[Opening DATA FOR THIS TASK section]

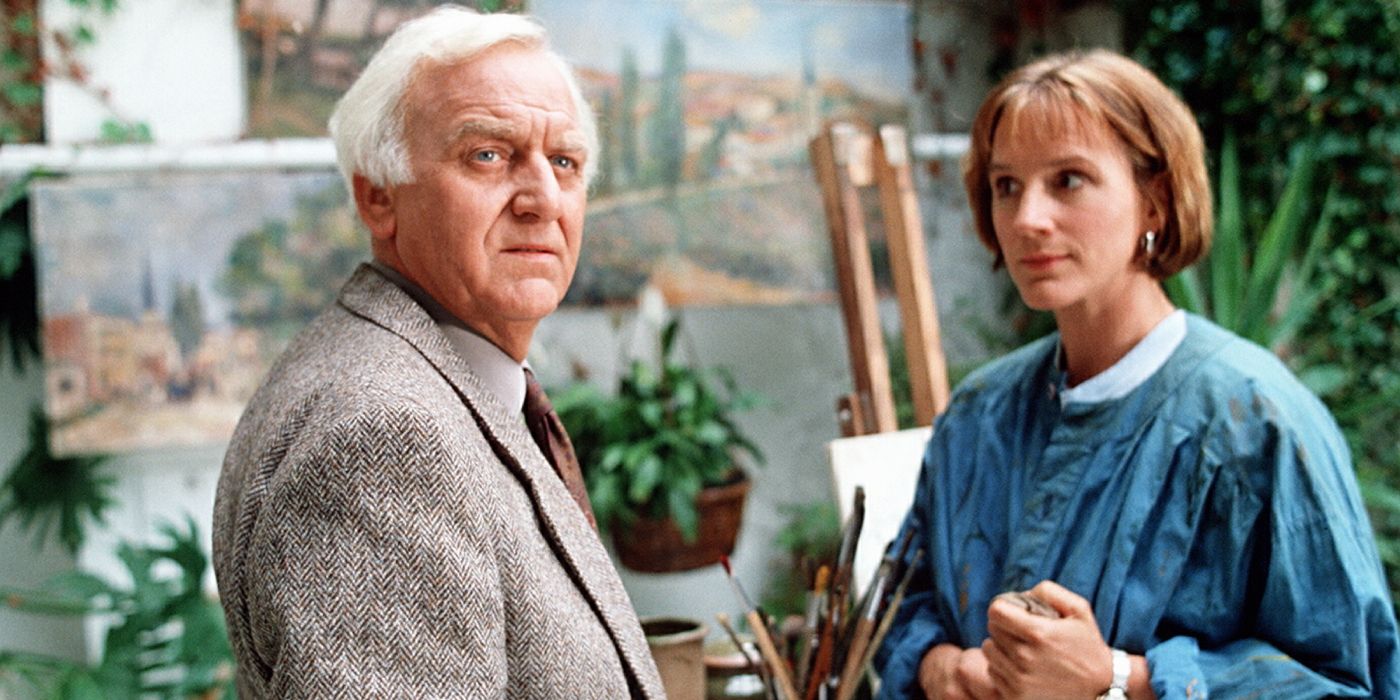 Inspector Morse speaks with a young woman in an art studio littered with green plants.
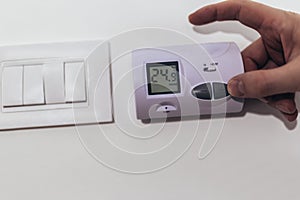 View of a hand adjusting the heating temperature. Digital thermostat on the wall of the house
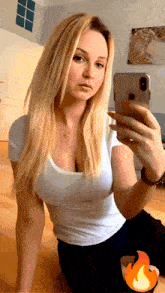 a woman in a white shirt is taking a selfie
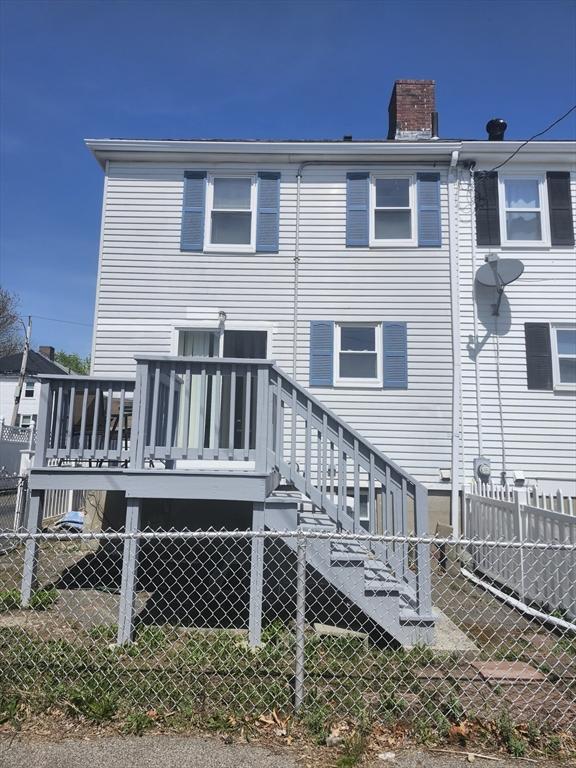 rear view of property featuring a deck, a chimney, and a fenced backyard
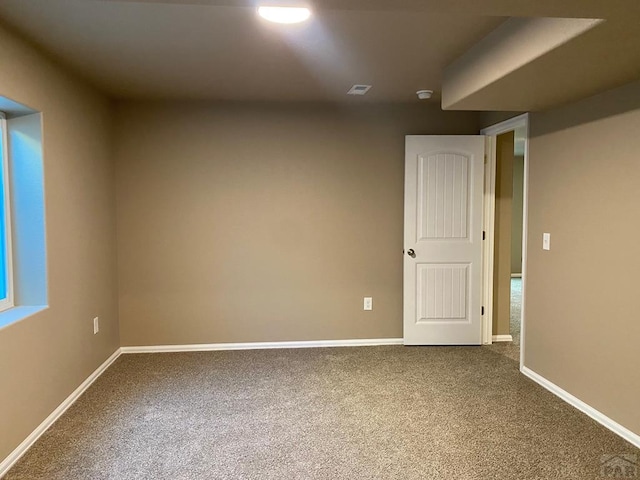 empty room with baseboards, carpet floors, and visible vents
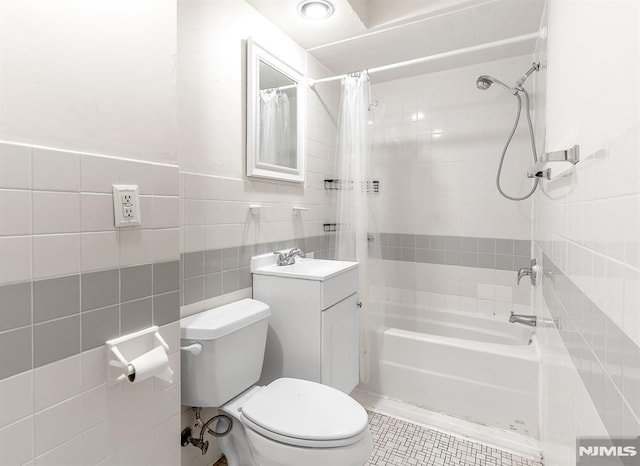 full bathroom with tile patterned flooring, vanity, tile walls, toilet, and shower / bath combo with shower curtain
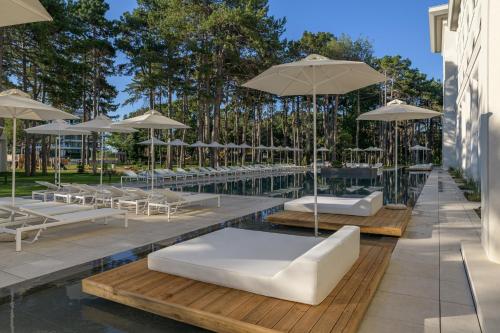 a swimming pool with white lounge chairs and umbrellas at Ensana Aquahouse in Saints Constantine and Helena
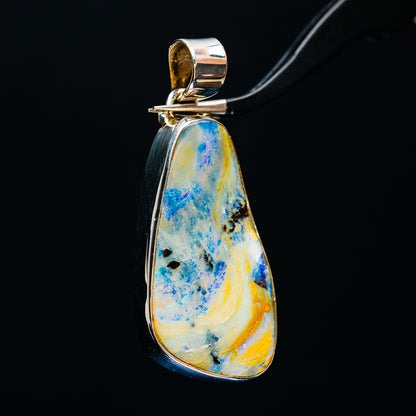 Sterling silver teardrop boulder opal pendant, blue and yellow stone with loop bail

[Closing DATA FOR THIS TASK section]

Set down, in exact form, only the lines that start at the one containing "a woman in a white shirt is taking a selfie" and finish at the last line of the material; pictures do not go in.

 a woman in a white shirt is taking a selfie
 rear view of property featuring a deck, a chimney, and a fenced backyard
 empty room with baseboards, carpet floors, and visible vents
 full bathroom with tile patterned flooring, vanity, tile walls, toilet, and shower / bath combo with shower curtain
 a swimming pool with white lounge chairs and umbrellas at Ensana Aquahouse in Saints Constantine and Helena
 Sterling silver teardrop boulder opal pendant, blue and yellow stone with loop bail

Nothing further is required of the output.